Harga cabai merah besar stabil di kisaran Rp 30.000 per kilogram, sementara cabai merah kecil stabil di Rp 25.000 per kg. Di sisi lain harga cabai hijau ukuran kecil dan besar turun sekitar Rp 5.000 per kilogram menjadi Rp 20.000 per kilogram.
Sementara itu harga kol dan timun mencapai di Rp 8.000 per kilogram. Namun harga tomat justru melambung jadi Rp 15.000 per kilogram dari biasanya Rp 8.000 untuk tiap kilogramnya.
Penurunan harga juga terlihat di pasar Slipi. Bawang putih dan bawang merah turun Rp 2.000 per kilogram menjadi masing-masing Rp 28.000 per kiogram dan Rp 30.000 per kilogram. Sedangkan harga kentang dieng turun Rp 1.000 menjadi Rp 15.000 untuk tiap kilogramnya.
Menurut Gino, harga sayur-mayur sedang turun karena musim hujan berarti musim panen.
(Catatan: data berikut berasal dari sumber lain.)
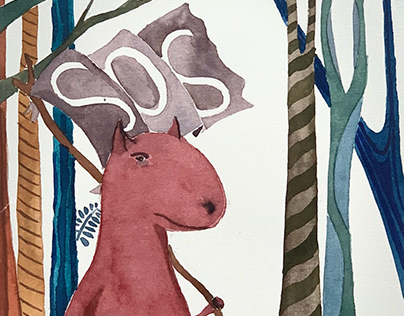Illustration of Mumiy Trolls, Tove Jansson book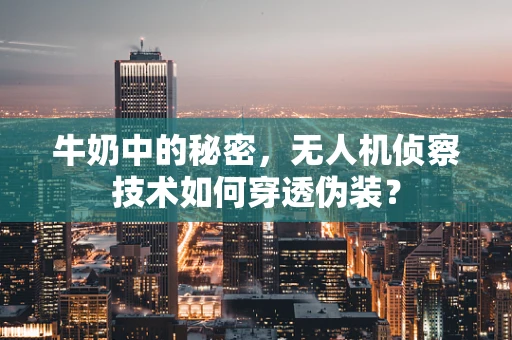 牛奶中的秘密，无人机侦察技术如何穿透伪装？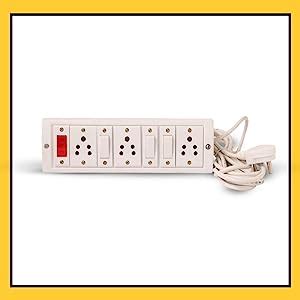 INDRICO Power Strip Extension Multi Outlet Board Fitted with 3 Anchor ...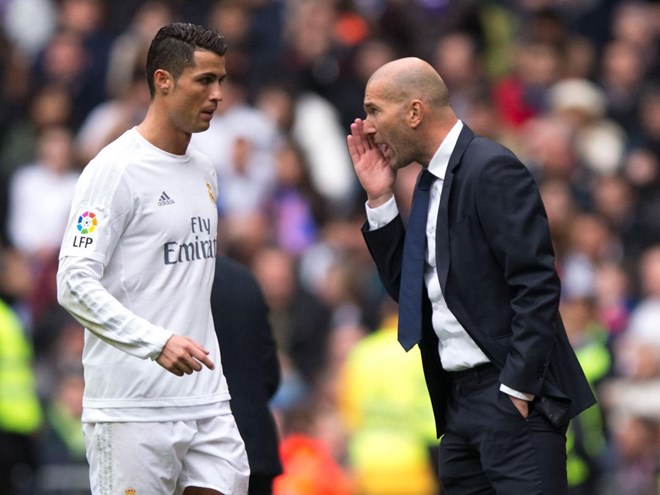 Zidane không có Ronaldo ở trận gặp Rayo Vallecano. (Nguồn: Getty Images)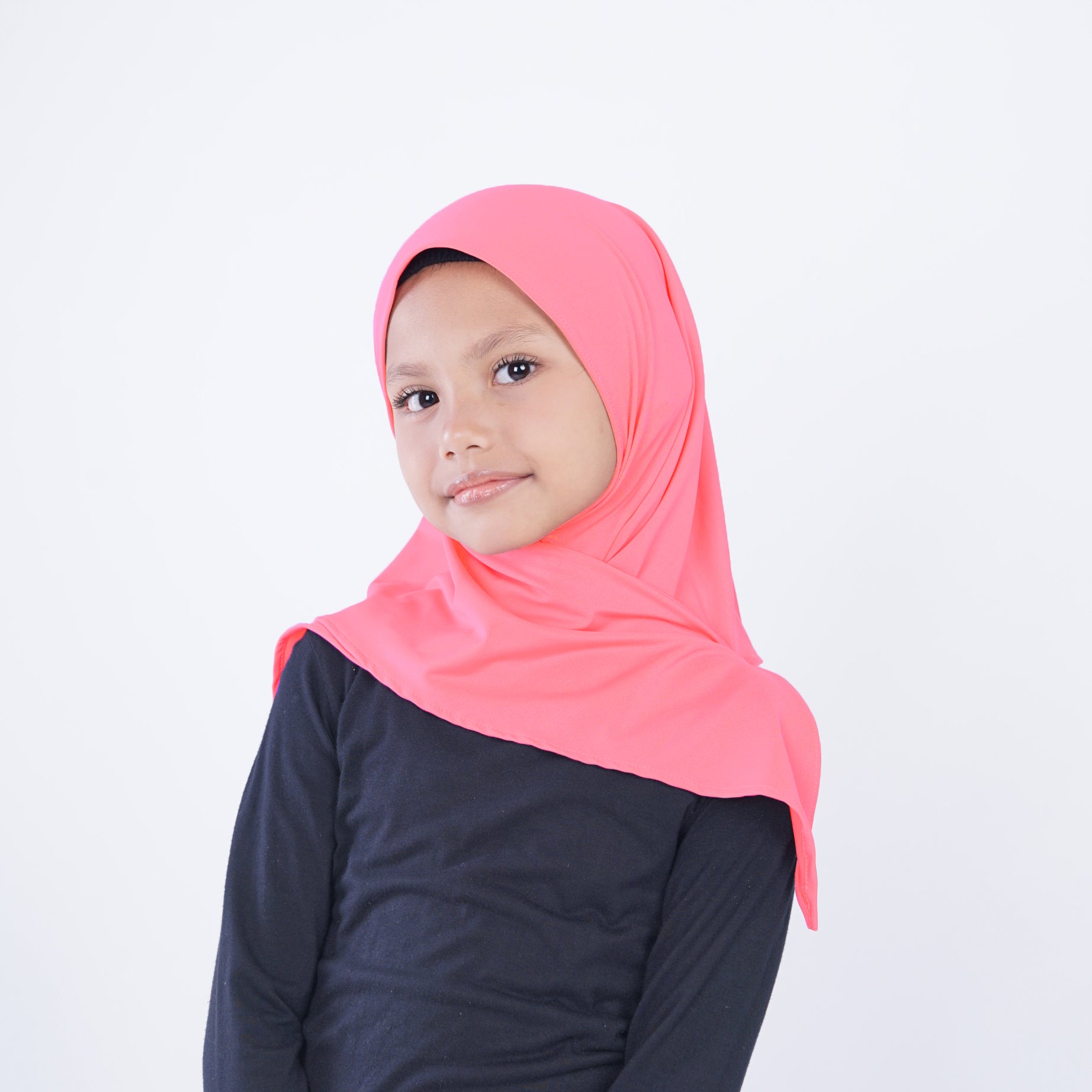 Elzatta Jilbab Anak Zaria M Kids Azkiya - Dusty Pink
Penurunan juga termasuk cabai dan bawang yang biasanya justru naik saat musim hujan.
"Harga turun bisa jadi karena musim hujan jadi pada lepas barang dengan segera," katanya kepada Kontan.co.id, Selasa (22/1). Ia mendapatkan sayur dagangnya dari pasar induk Cibitung, Bekasi.
Sementara untuk harga daging ayam dengan berat di pasar Palmerah berada di kisaran Rp 28.000 hingga Rp 30.000 untuk tiap kilogramnya.
Dewi, pedagang di pasar Palmerah mengatakan harga tersebut sudah stabil sejak beberapa pekan lalu. Sedangkan harga telur berada di kisaran Rp 26.000 per kilogram.
Anton Muslim, Ketua Asosiasi Hortikultura Nasional (AHN) menyampaikan harga sayur mayur memang sedang relatif turun karena panen tersebut. Tapi sayangnya fluktuasi harga ini relatif tidak bisa ditebak karena dalam keadaan tertentu harga bisa melambung tinggi lagi bila curah hujan terlalu tinggi.
Apalagi minimnya data yang terarah dari Kementerian Pertanian (Kemtan) membuat pihaknya tidak bisa melakukan proyeksi atau pantauan stok dan harga ke depan.
"Sebaiknya pihak Kemtan juga memonitor terutama dari sisi produksinya. Kadang kita juga tidak tahu kenapa harga naik sekali atau mendadak down sekali," kata Anton.